_Extracted records_.
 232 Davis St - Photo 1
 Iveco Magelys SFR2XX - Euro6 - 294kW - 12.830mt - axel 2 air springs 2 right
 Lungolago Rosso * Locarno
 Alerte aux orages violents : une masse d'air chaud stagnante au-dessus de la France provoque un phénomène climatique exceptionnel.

* * *

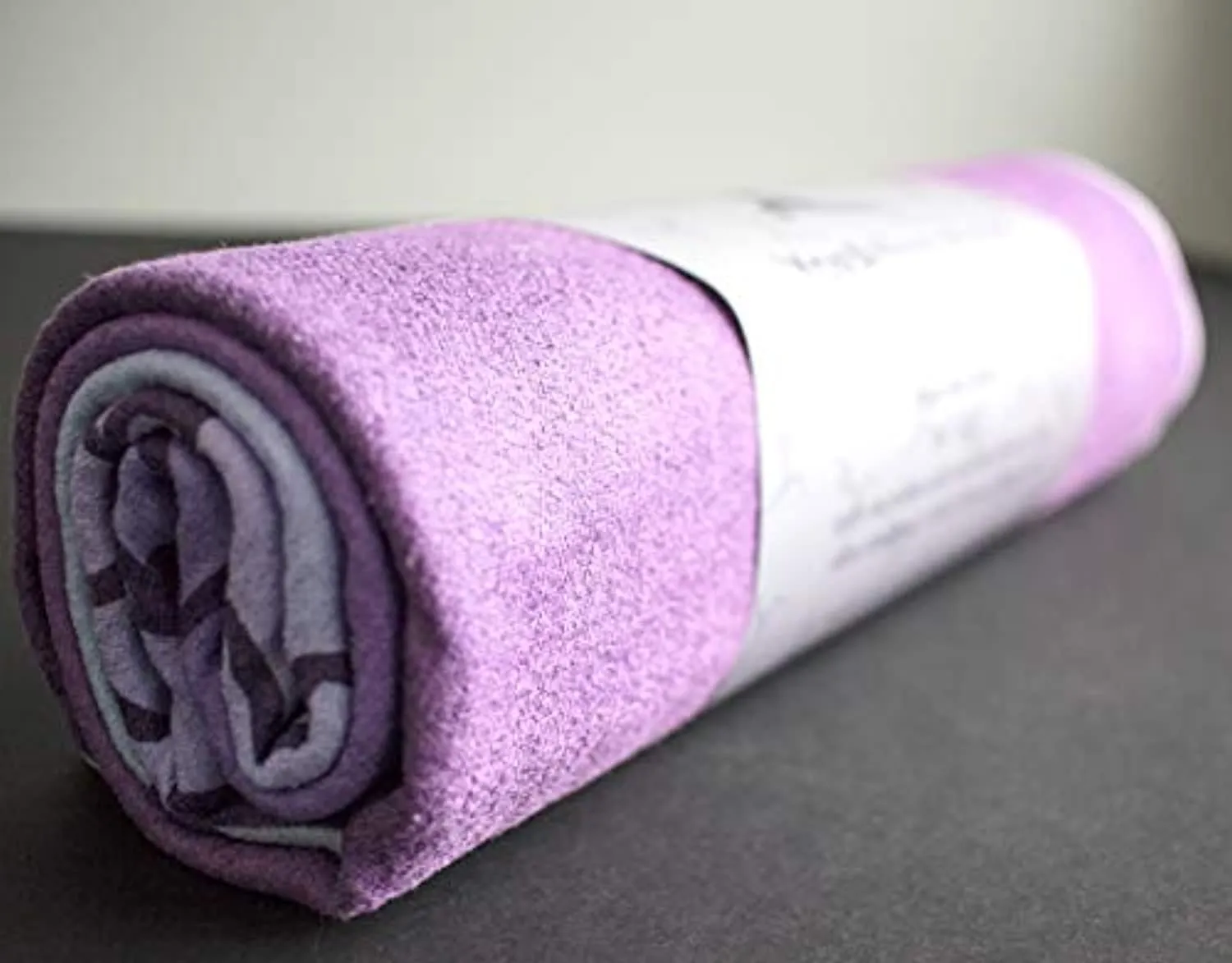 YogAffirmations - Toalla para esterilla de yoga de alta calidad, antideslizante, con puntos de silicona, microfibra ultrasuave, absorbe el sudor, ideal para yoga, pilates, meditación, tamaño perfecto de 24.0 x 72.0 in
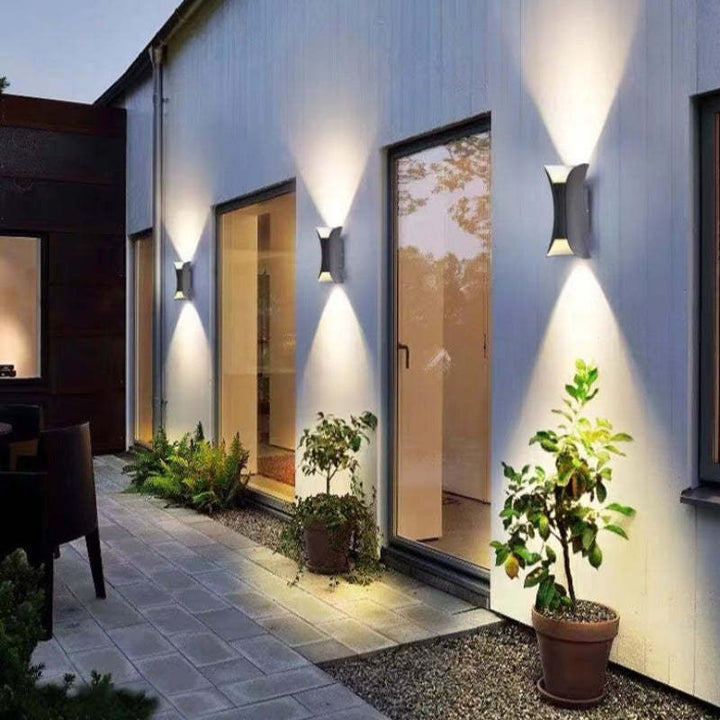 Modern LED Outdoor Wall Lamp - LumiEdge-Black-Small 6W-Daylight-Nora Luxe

_The task_. From the entries above, restate word for word the lines from the line containing "232 Davis St - Photo 1" to the line containing "Alerte aux orages", both ends included, and nothing more.

_Expected output_.
 232 Davis St - Photo 1
 Iveco Magelys SFR2XX - Euro6 - 294kW - 12.830mt - axel 2 air springs 2 right
 Lungolago Rosso * Locarno
 Alerte aux orages violents : une masse d'air chaud stagnante au-dessus de la France provoque un phénomène climatique exceptionnel.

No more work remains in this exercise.